§ WHAT THE EXERCISE ASKS:
Only one span of the listing below should come back. It runs from the line with "Green Corduroy Convertible" through the line with "Birva- Responsive Multipurpose", and each of its lines must be reproduced exactly.

•••

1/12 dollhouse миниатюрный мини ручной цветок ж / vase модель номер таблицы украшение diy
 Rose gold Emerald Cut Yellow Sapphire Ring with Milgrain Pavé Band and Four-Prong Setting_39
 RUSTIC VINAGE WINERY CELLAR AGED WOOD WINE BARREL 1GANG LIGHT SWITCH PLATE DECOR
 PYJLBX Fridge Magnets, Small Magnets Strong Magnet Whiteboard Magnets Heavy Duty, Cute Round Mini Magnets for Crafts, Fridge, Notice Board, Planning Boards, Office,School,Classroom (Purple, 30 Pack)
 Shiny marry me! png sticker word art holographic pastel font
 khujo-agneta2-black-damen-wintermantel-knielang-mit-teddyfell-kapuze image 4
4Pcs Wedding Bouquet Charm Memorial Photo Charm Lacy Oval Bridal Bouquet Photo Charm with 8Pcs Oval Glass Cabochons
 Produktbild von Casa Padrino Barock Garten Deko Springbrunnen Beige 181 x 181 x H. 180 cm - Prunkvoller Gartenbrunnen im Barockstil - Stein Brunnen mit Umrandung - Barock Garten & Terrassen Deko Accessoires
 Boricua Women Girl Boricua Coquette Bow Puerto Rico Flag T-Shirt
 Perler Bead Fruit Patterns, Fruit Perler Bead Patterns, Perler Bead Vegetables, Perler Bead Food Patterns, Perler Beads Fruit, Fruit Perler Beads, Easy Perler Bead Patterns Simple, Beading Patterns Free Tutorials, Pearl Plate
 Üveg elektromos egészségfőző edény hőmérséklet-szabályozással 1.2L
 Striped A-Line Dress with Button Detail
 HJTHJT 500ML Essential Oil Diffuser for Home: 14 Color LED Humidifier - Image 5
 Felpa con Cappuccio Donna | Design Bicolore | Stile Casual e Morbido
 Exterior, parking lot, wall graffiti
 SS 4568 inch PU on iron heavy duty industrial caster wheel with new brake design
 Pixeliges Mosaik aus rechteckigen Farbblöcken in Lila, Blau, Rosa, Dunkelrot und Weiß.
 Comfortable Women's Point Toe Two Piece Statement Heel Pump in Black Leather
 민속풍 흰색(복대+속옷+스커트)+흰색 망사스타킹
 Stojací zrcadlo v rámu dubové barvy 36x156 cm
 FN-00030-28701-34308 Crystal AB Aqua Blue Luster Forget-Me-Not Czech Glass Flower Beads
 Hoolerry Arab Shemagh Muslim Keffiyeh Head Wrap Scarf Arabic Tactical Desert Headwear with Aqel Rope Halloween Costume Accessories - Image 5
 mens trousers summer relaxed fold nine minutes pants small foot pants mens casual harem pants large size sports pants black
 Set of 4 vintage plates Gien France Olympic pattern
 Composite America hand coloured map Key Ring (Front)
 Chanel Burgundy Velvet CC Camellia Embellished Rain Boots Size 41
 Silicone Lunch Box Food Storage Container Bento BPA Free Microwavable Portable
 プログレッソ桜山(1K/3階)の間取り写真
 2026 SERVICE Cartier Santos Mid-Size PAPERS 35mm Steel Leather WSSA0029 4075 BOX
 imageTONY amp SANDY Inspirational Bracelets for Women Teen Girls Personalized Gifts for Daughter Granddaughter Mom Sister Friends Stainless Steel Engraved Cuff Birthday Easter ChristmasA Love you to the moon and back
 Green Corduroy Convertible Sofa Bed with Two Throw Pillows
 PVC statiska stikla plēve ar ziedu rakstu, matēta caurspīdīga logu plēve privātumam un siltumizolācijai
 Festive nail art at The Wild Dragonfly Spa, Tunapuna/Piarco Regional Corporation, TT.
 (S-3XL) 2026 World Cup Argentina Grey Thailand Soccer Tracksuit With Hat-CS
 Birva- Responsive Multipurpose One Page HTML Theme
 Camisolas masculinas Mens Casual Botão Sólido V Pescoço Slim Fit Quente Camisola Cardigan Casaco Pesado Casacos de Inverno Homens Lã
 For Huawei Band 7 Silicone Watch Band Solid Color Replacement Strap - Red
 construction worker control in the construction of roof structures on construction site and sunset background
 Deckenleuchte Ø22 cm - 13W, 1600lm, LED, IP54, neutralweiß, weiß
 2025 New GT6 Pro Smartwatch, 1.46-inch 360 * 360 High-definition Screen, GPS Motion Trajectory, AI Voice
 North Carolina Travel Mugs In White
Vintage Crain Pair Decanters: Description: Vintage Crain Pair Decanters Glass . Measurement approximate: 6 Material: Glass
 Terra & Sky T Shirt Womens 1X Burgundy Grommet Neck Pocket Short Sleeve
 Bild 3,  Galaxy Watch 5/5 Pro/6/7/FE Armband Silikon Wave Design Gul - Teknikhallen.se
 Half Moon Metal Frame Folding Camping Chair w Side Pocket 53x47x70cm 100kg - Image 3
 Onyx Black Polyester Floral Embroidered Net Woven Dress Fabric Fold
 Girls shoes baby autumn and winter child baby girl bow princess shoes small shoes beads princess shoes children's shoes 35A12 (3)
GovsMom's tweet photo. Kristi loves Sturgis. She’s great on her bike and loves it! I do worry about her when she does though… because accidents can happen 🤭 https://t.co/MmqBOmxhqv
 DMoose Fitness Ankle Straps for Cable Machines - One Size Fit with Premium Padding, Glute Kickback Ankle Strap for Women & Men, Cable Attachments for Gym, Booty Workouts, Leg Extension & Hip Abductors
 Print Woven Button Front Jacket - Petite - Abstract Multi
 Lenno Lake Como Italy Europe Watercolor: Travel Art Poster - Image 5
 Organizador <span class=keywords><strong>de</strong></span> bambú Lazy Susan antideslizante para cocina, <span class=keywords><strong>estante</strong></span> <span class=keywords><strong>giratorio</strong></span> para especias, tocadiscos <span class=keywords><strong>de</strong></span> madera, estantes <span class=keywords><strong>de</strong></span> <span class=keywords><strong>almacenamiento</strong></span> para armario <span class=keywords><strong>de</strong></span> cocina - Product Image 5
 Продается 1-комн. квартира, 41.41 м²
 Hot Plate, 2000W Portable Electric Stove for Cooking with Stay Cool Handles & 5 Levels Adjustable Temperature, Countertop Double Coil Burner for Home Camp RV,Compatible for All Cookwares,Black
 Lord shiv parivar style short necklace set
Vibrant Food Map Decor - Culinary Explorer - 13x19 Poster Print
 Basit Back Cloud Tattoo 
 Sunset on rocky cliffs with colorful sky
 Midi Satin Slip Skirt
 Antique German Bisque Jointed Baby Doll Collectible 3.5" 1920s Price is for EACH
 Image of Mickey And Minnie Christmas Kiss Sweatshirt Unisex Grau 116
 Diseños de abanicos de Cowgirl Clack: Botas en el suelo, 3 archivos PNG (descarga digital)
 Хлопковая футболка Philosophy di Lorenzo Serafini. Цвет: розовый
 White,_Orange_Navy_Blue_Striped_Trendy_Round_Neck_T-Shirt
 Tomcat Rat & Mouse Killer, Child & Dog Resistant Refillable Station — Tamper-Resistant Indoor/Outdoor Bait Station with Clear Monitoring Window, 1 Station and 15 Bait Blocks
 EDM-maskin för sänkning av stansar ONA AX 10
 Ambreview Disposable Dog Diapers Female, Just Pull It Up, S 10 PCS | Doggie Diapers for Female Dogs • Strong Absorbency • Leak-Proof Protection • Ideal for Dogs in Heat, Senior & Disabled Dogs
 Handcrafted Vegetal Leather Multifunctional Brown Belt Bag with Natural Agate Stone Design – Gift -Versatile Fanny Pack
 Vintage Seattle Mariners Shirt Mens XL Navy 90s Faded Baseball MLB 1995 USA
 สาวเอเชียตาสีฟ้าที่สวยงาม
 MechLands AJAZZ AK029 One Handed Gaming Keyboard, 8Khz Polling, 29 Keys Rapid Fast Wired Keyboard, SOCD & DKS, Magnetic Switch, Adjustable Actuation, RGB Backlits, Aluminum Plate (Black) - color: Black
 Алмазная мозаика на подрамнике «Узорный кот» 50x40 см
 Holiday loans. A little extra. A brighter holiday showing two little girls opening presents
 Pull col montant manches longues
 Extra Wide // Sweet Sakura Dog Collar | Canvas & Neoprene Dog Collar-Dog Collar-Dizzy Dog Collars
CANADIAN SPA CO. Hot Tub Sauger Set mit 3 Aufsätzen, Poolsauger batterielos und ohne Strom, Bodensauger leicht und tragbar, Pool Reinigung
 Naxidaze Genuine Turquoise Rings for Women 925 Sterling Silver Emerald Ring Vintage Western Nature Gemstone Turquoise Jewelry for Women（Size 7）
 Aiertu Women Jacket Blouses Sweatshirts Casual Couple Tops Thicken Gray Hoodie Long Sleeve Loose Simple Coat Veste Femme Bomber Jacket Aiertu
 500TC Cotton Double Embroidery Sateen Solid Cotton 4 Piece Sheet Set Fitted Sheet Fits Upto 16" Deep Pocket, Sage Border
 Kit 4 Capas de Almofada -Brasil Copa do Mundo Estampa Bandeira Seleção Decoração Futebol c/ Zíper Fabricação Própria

•••

§ SOLUTION:
 Green Corduroy Convertible Sofa Bed with Two Throw Pillows
 PVC statiska stikla plēve ar ziedu rakstu, matēta caurspīdīga logu plēve privātumam un siltumizolācijai
 Festive nail art at The Wild Dragonfly Spa, Tunapuna/Piarco Regional Corporation, TT.
 (S-3XL) 2026 World Cup Argentina Grey Thailand Soccer Tracksuit With Hat-CS
 Birva- Responsive Multipurpose One Page HTML Theme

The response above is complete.